Side effects, said Rotbart, could present an issue.
"One issue is dosing, but the second issue is that adults and children have different rates of and types of side effects from vaccines," he said.
While local effects of the injection might be shrugged off in adults, they would be taken more seriously in children.
"Kids are not just little adults, and all the questions that we asked when we do adult trials have to be asked again, because kids are a different species," Rotbart said.
Kotloff noted that those concerns present themselves in swine flu vaccines, hence the separation by age group.
"There's different information that you get from each age group," she explained, although she noted that is most obvious with the oldest patients. "It does seem that people over about age 50 have some immunity to this H1N1 swine flu. Children have little or no immunity."
She noted that this might affect both the number of shots and dosing to provoke an immune response.
"The amount of vaccine for immune status may differ by age group," Kotloff said.
Swine Flu Vaccine Trial Enrollment Concerns
While some parents might worry about enrolling their children in a clinical trial, doctors said those concerns could be assuaged.
For one thing, noted Dr.

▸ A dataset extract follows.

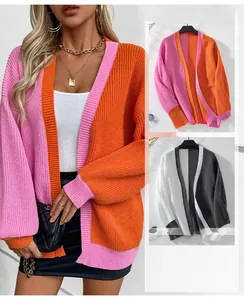 Detail of color block knit cardigan featuring ribbed cuffs and chunky texture in vibrant tones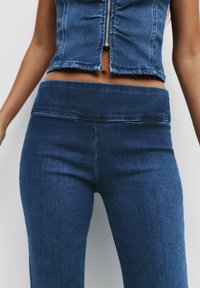 Leggings en denim bleu foncé, dotés d'une taille haute, d'une texture lisse et de détails de couture minimaux. Design classique ajusté.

Kathryn Edwards, the pediatrician running Vanderbilt's branch of the clinical trial for swine flu vaccine, no one in the study would be receiving a placebo.
"Everybody wants to get some protection; they don't really want to go through this process and get nothing," she said.
Additionally, she noted that all the adults vaccinated for swine flu at Vanderbilt have been followed up with and no adverse events have been reported.
"The other thing that gives us a lot of confidence is this vaccine is made the same way as the flu vaccine we make every year," she said.
Doctors also noted that they would have their own children participate, and many of them do.
"At this one site, of the first 50 people who signed up, most of them were actually the children of medical professionals," Kotloff said.
Englund noted that her own children, while now too old to participate in children's trials, had done so in the past.
"As someone who's been doing this for 30 years, I would never give a vaccine if I wouldn't give it to my own children or grandchildren," Edwards said. "There is a very sophisticated and integrated data safety and monitoring committee that includes experts in pediatric and adult medicine."
She said that one person who had gotten the adult vaccine came in complaining of muscle aches, but it was ultimately determined that the person got the aches from pulling weeds, not the vaccine.
"He couldn't move, but obviously he had another reason or another explanation," Edwards said. "The assessment of adverse events is taken very seriously."
Swine Flu Vaccine Safety Panels
Edwards also noted that safety was determined separately from efficacy.
"That data safety and monitoring team does not include any investigators," she said. "It is a totally independent group."
Ultimately, Edwards said, she believes that the trial for the vaccine would likely be not only safe, but effective.
"I spent about two days going through old freezers here to find blood from children who were in the 1976 vaccine trial," she said, referring to the last outbreak of swine flu in the United States.
She had those tested, and they were found to have responded to the vaccine. She said she sees this vaccine producing an immune response, unlike the avian flu vaccine.
"I think that from that experience, we would suggest that two doses likely will work," she said.